You are viewing a plain text version of this content. The canonical link for it is here.
Posted to user@nutch.apache.org by karan thakral <ka...@gmail.com> on 2007/06/15 16:49:33 UTC
fetch failing while crawling
i m using crawl on the cygwin while working on windows
but the crawl output is not proper
during fetch its says fetch: the document could not be fetched java runtime
exception agent not configured
my nutch-site.xml is as follows
<?xml version="1.0"?>
<?xml-stylesheet type="text/xsl" href="configuration.xsl"?>
<!-- Put site-specific property overrides in this file. -->
<configuration>
<property>
<name>http.agent.name</name>
<value></value>
<description>HTTP 'User-Agent' request header. MUST NOT be empty -
please set this to a single word uniquely related to your organization.
NOTE: You should also check other related properties:
http.robots.agents
http.agent.description
http.agent.url
http.agent.email
http.agent.version
and set their values appropriately.
</description>
</property>
<property>
<name>http.agent.description</name>
<value></value>
<description>Further description of our bot- this text is used in
the User-Agent header. It appears in parenthesis after the agent name.
</description>
</property>
<property>
<name>http.agent.url</name>
<value></value>
<description>A URL to advertise in the User-Agent header. This will
appear in parenthesis after the agent name.

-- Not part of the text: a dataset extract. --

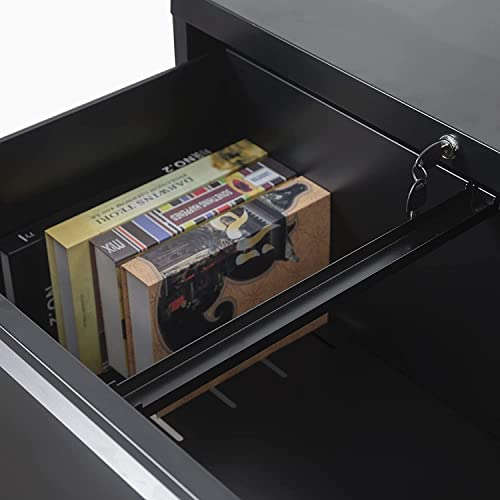 Aobabo 3 Drawer Metal Lateral File Cabinet With Lock,Home Office Steel Filing Cabinet With Letter/Legal Size,Fast Assemble With 0 Screw,Assembly Required(Black,3 Drawer) #TOP2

Custom dictates that this
should be a URL of a page explaining the purpose and behavior of this
crawler.
</description>
</property>
<property>
<name>http.agent.email</name>
<value></value>
<description>An email address to advertise in the HTTP 'From' request
header and User-Agent header. A good practice is to mangle this
address (e.g. 'info at example dot com') to avoid spamming.
</description>
</property>
</configuration>
but still thrs error
also please throw some light on the searching of info through the web
interface after the crawl is made successful
--
With Regards
Karan Thakral
Re: fetch failing while crawling
Posted by Briggs <ac...@gmail.com>.
Oh and as for the web interface, take a look at the wiki page:
http://wiki.apache.org/nutch/NutchTutorial
The bottom of the page has a section on searching.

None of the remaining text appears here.